▶ [EXERCISE AIM] From the first line down to the line containing "Seevilla Wietjes Whg 2 Apartmán", print the records below exactly, leaving every picture out.

*** Opening of RECORDS SHOWN ***

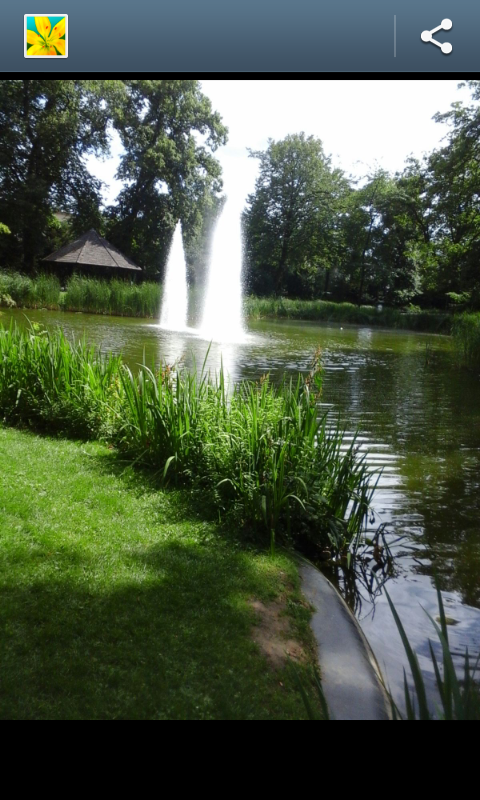 Parque Luxemburgo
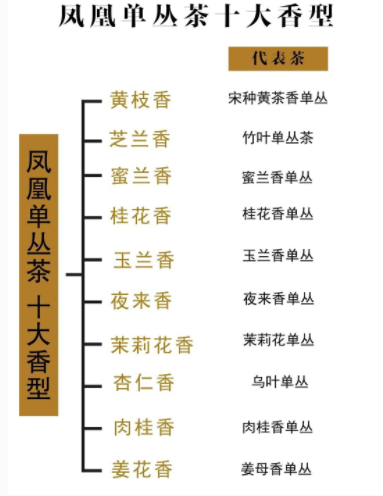 凤凰单丛茶十大香型详解大全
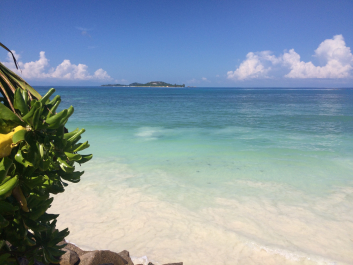 photo 1617244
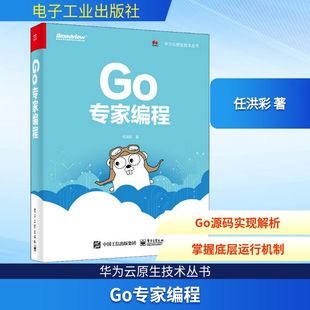 程序设计 新 电子工业出版 任洪彩 社 图书籍 著 新华书店正版 Go专家编程 专业科技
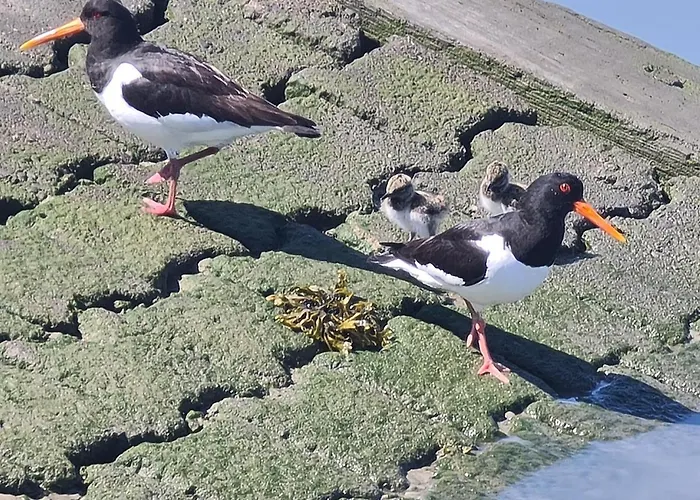 Seevilla Wietjes Whg 2 Apartmán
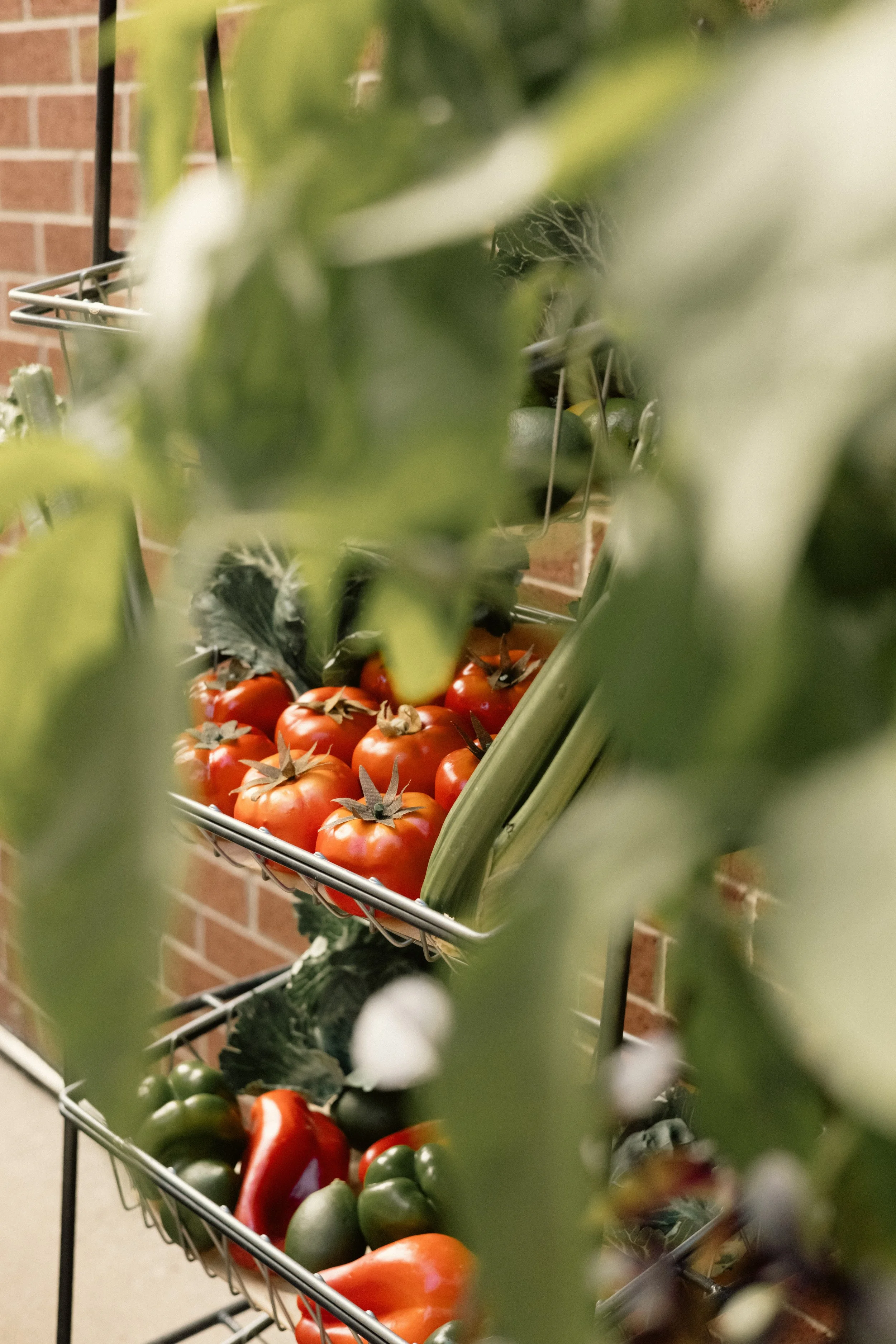 A shopping cart filled with various fresh vegetables, including tomatoes, bell peppers, and cucumbers, seen through green leaves in the foreground with a brick wall in the background.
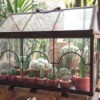 Rectangular Cactus Terrarium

*** Close of RECORDS SHOWN ***

▶ [EXERCISE SOLUTION]
 Parque Luxemburgo
 凤凰单丛茶十大香型详解大全
 photo 1617244
 程序设计 新 电子工业出版 任洪彩 社 图书籍 著 新华书店正版 Go专家编程 专业科技
 Seevilla Wietjes Whg 2 Apartmán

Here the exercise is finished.